§ **What to work on**: When you copy the material below, keep every line exact and omit the pictures.

§ **Supplied data**:
* * *

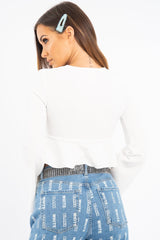 White Ruched Tie Frill Detail Long Sleeved Top - Saphyra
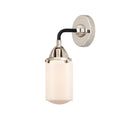 Dover Sconce shown in the Black Polished Nickel finish with a Matte White shade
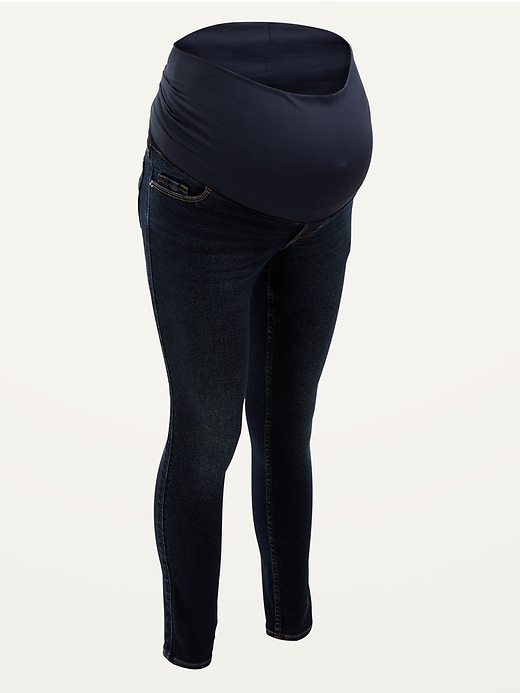 View large product image 1 of 1. Maternity Roll-Over Rockstar 360° Stretch Super Skinny Dark-Wash Jeans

* * *

§ **Reply**:
 White Ruched Tie Frill Detail Long Sleeved Top - Saphyra
 Dover Sconce shown in the Black Polished Nickel finish with a Matte White shade
 View large product image 1 of 1. Maternity Roll-Over Rockstar 360° Stretch Super Skinny Dark-Wash Jeans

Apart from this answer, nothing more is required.